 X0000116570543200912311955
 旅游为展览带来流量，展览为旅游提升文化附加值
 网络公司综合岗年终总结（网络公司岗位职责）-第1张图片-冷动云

## Exercise brief
In full and without edits, repeat the listing above.

## Problem solution
 X0000116570543200912311955
 旅游为展览带来流量，展览为旅游提升文化附加值
 网络公司综合岗年终总结（网络公司岗位职责）-第1张图片-冷动云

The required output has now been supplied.